Given a set of data data
, and a statistics function statfunction
that
applies to that data, computes the bootstrap confidence interval for
statfunction
on that data. Data points are assumed to be delineated by
axis 0.
- data: array_like, shape (N, ...) OR tuple of array_like all with shape (N, ...)
- Input data. Data points are assumed to be delineated by axis 0. Beyond this,
the shape doesn’t matter, so long as
statfunction
can be applied to the
array. If a tuple of array_likes is passed, then samples from each array (along
axis 0) are passed in order as separate parameters to the statfunction. The
type of data (single array or tuple of arrays) can be explicitly specified
by the multi parameter.
- statfunction: function (data, weights=(weights, optional)) -> value
This function should accept samples of data from data
. It is applied
to these samples individually.
If using the ABC method, the function _must_ accept a named weights
parameter which will be an array_like with weights for each sample, and
must return a _weighted_ result. Otherwise this parameter is not used
or required. Note that numpy’s np.average accepts this. (default=np.average)
- alpha: float or iterable, optional
- The percentiles to use for the confidence interval (default=0.05). If this
is a float, the returned values are (alpha/2, 1-alpha/2) percentile confidence
intervals. If it is an iterable, alpha is assumed to be an iterable of
each desired percentile.
- n_samples: float, optional
- The number of bootstrap samples to use (default=10000)
- method: string, optional
- The method to use: one of ‘pi’, ‘bca’, or ‘abc’ (default=’bca’)

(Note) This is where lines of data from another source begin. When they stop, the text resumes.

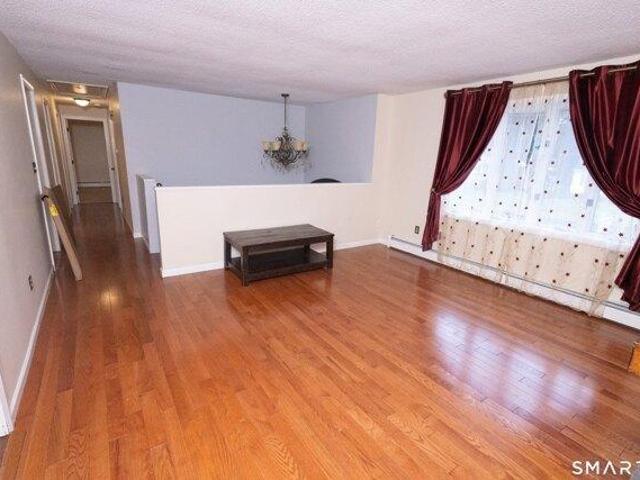 house with 4 bedroom, Windsor Locks CT ES105632619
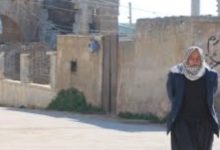 صورة أهالي جبل السماق في ريف إدلب يعربون عن تضامنهم مع المهجرين من السويداء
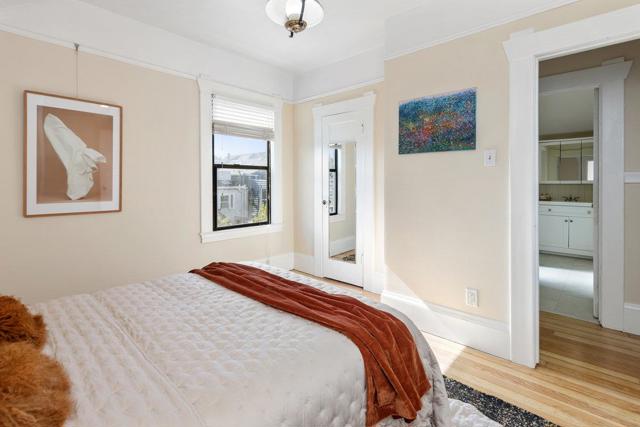 270 Andover Street, San Francisco CA: https://media.crmls.org/mediaz/c2112979-356f-459e-8fb4-f95dcdf1f6a8.jpg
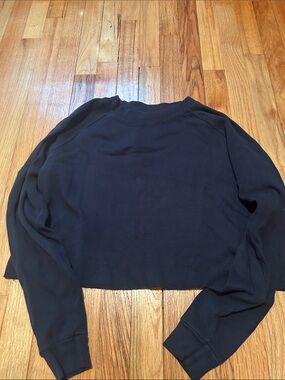 Brandy Melville Navy Cropped Waffle Crewneck Sweatshirt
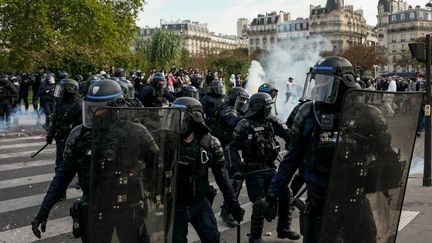 La suspension des grenades assourdissantes annoncée par Laurent Nuñez était une demande d&rsquo;Emmanuel Macron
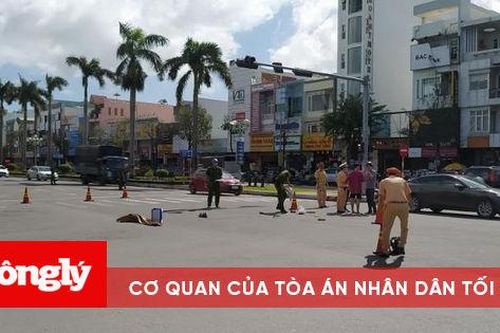 Dừng đèn đỏ, một phụ nữ bị xe tải tông tử vong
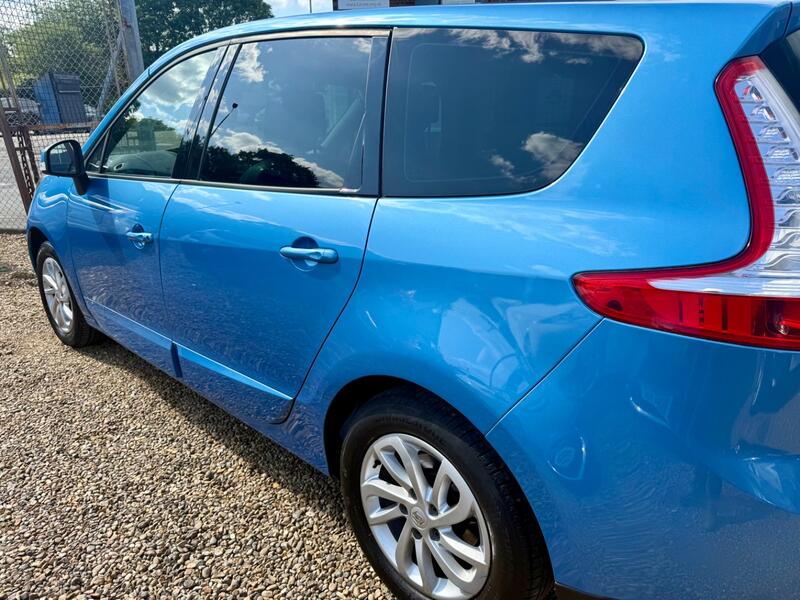 RENAULT GRAND SCENIC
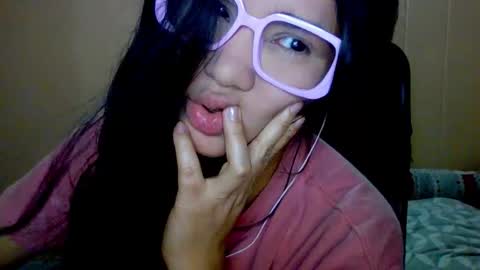onlyfan laureng7 - 7 laureng2 online show from December 19, 3:43 am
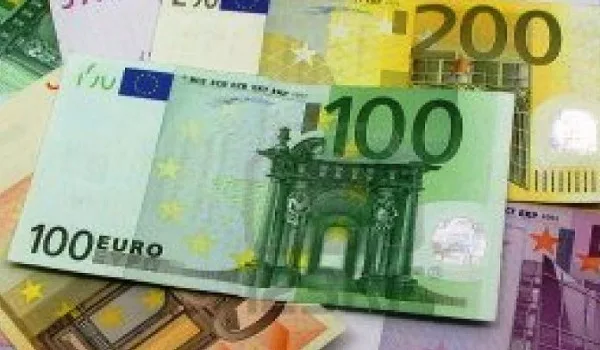 Nέα χαρτονομίσματα 100 και 200 ευρώ
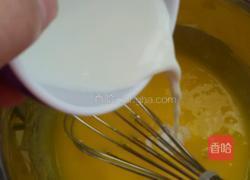 红曲肉松蛋糕的做法图解4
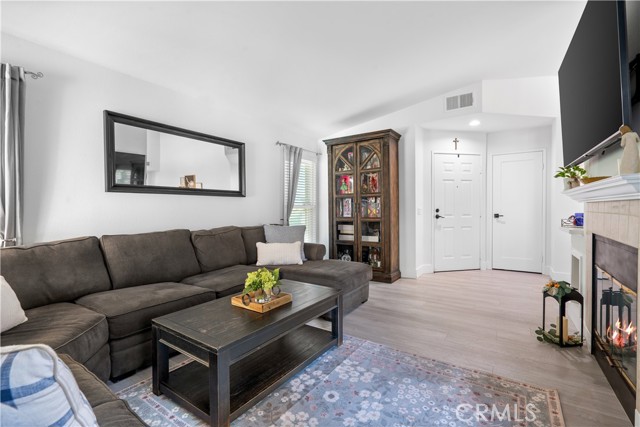 Detail Gallery Image 4 of 29 For 5225 Box Canyon Ct 21g,  Yorba Linda,  CA 92887 - 2 Beds | 2 Baths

- output: string, optional
- The format of the output. ‘lowhigh’ gives low and high confidence interval
values. ‘errorbar’ gives transposed abs(value-confidence interval value) values
that are suitable for use with matplotlib’s errorbar function. (default=’lowhigh’)
- epsilon: float, optional (only for ABC method)
- The step size for finite difference calculations in the ABC method. Ignored for
all other methods. (default=0.001)
- multi: boolean, optional
- If False, assume data is a single array. If True, assume data is a tuple/other
iterable of arrays of the same length that should be sampled together. If None,
decide based on whether the data is an actual tuple. (default=None)
- confidences: tuple of floats
- The confidence percentiles specified by alpha
- ‘pi’: Percentile Interval (Efron 13.3)
- The percentile interval method simply returns the 100*alphath bootstrap
sample’s values for the statistic. This is an extremely simple method of
confidence interval calculation. However, it has several disadvantages
compared to the bias-corrected accelerated method, which is the default.
- ‘bca’: Bias-Corrected Accelerated Non-Parametric (Efron 14.3) (default)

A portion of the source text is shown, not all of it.